Gramsci au service de l’ennemi : analyse historique du combat métapolitique de l’extrême-droite française

Il s’agit d’un constat implacable : l’entreprise de dédiabolisation du Front National est une réussite. À l’aube du deuxième tour de l’élection présidentielle de 2017, la formation politique fondée par Jean-Marie Le Pen en 1972, et tenue de main de fer aujourd’hui par sa fille Marine, n’a jamais été si près du pouvoir. Mais au-delà de l’analyse de la progression constante du support électoral dont dispose le parti, des risibles résultats sous la barre des 1 % obtenus au début des années 1970 à sa situation actuelle de premier parti de France avec des scores oscillants régulièrement entre 25 et 30 % des intentions de vote, se cache une réalité complexe caractérisée par des dynamiques sociales et idéologiques profondes.

L’empiètement idéologique de l’extrême-droite sur le territoire de la droite classique et l’oscillation de cette dernière entre condamnation et alliances de fortune constituent certes un trait indéniable de l’histoire politique de la France d’après Mai 68. Cependant, la contagion semble s’accentuer encore davantage en ce début de XXIème siècle. De la nomination de Patrick Buisson, vieux routier de l’extrême-droite française ayant notamment gagné ses galons au sein de l’Organisation Armée Secrète et du quotidien Minute, au poste de conseiller spécial de Nicolas Sarkozy à l’aube du débat sur l’identité nationale de 2009 à la prolifération des groupuscules identitaires dont les thèmes sont fortement connotés à l’extrême-droite et dont le soutien populaire ne cesse de croitre, le climat délétère qui se développe en France est palpable.
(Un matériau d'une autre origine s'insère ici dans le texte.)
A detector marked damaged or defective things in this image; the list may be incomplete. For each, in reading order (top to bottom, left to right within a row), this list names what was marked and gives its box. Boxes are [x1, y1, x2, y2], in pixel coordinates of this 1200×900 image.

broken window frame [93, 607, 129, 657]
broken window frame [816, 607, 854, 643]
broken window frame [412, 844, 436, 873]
Alors que ce thème de l’identité devait constituer, pour le parti de Nicolas Sarkozy1, un puissant outil lui permettant de rallier une partie de l’électorat frontiste, il aura finalement entrainé la destruction du dernier rempart à la légitimation du Front National dans le débat public. Autrefois tabou, le soutien au Front National et aux diverses revendications de l’extrême-droite est désormais revendiqué. Quiconque aime flâner dans les bistrots français aura remarqué le glissement à droite des propos qu’on y tient.
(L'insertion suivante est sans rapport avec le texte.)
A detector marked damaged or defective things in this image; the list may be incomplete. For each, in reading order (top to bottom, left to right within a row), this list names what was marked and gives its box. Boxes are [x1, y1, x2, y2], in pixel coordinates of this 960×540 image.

Alors que le contexte récent, caractérisé par une crise économique mondiale et la situation des migrants chassés de leurs pays par la guerre et qui cherchent l’asile en Europe, contribue indéniablement à la force de préhension actuelle de l’extrême-droite européenne sur les masses, d’autres phénomènes peuvent expliquer les récents succès du Front National et de l’extrême-droite française. Effectivement, depuis les années 1970, une nébuleuse de mouvements s’étendant bien au-delà du FN, travaille, souvent dans l’ombre, à propulser les thèmes chers à l’extrême-droite nationaliste dans l’arène politique. Influençant l’opinion publique dans une quête de légitimité qui dépasse largement l’action politique parlementaire et militante, elle s’inscrit dans un combat intellectuel à grande échelle.

Du « politique d’abord » au métapolitique

C’est dans les années 1970 que s’opère un changement tactique pour l’extrême-droite française. Historiquement alignée sur l’idéal Maurassien du « politique d’abord », et conséquemment embourbée dans une action politique et militante violente, elle découvre les travaux du dissident communiste italien Antonio Gramsci et applique la vision d’un combat métapolitique de l’intellectuel à sa vision du monde droitière.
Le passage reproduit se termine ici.